- **Prompt**
Leaving out all pictures, transcribe exactly the lines between the line with "Enter the purchased" and the last line of the records below, both included.

- **Saved entries**
§ §

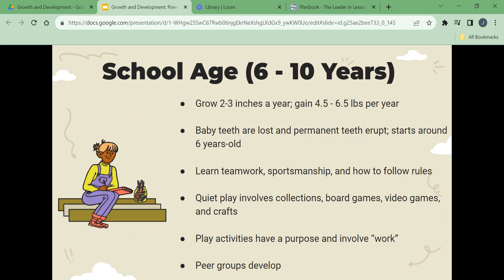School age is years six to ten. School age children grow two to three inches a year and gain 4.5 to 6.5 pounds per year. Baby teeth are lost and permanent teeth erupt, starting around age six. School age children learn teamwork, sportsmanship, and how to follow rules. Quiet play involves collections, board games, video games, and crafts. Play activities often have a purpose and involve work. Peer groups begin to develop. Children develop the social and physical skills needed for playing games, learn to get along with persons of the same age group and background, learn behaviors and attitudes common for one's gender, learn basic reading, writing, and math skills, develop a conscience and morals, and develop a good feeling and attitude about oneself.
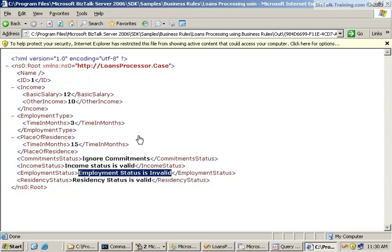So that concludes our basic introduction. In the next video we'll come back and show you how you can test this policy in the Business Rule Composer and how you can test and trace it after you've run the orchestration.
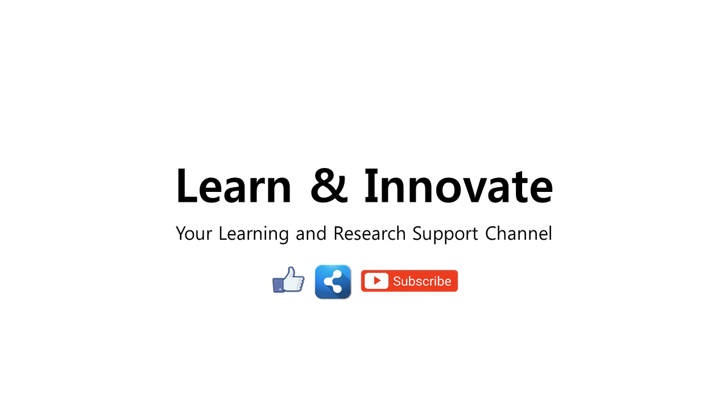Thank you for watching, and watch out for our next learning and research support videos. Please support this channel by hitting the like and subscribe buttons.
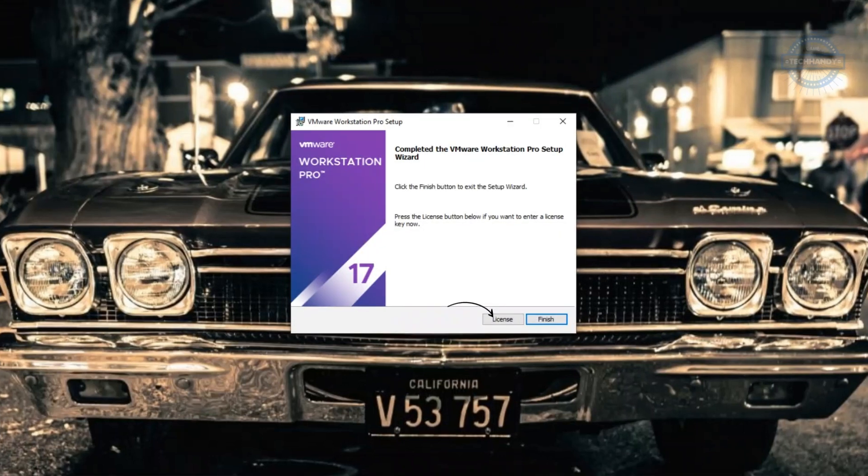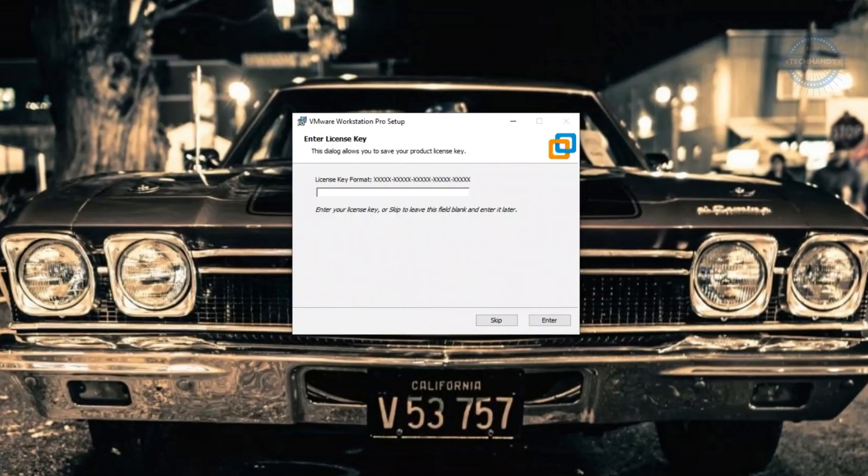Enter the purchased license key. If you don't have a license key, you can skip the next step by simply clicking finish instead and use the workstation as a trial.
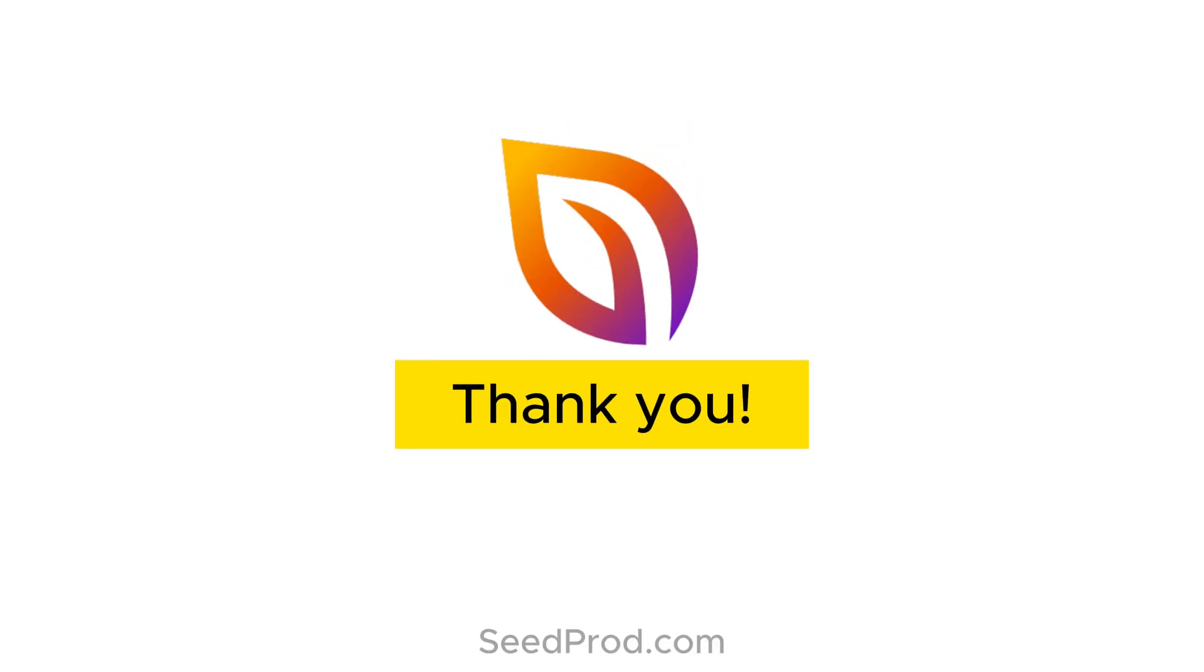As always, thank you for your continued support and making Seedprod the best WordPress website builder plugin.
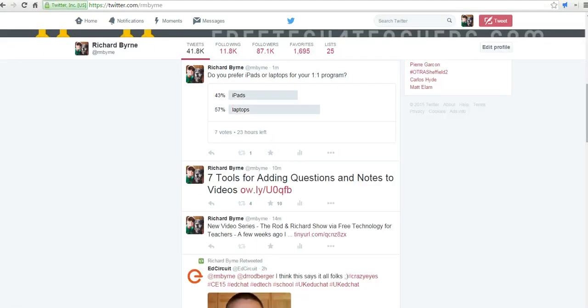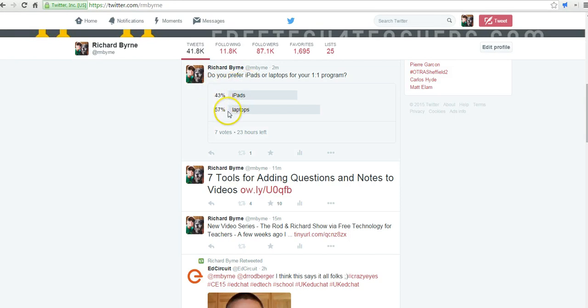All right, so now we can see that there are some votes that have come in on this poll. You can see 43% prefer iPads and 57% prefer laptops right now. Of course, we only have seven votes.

§ §

- **Exercise output**
Enter the purchased license key. If you don't have a license key, you can skip the next step by simply clicking finish instead and use the workstation as a trial.
As always, thank you for your continued support and making Seedprod the best WordPress website builder plugin.
All right, so now we can see that there are some votes that have come in on this poll. You can see 43% prefer iPads and 57% prefer laptops right now. Of course, we only have seven votes.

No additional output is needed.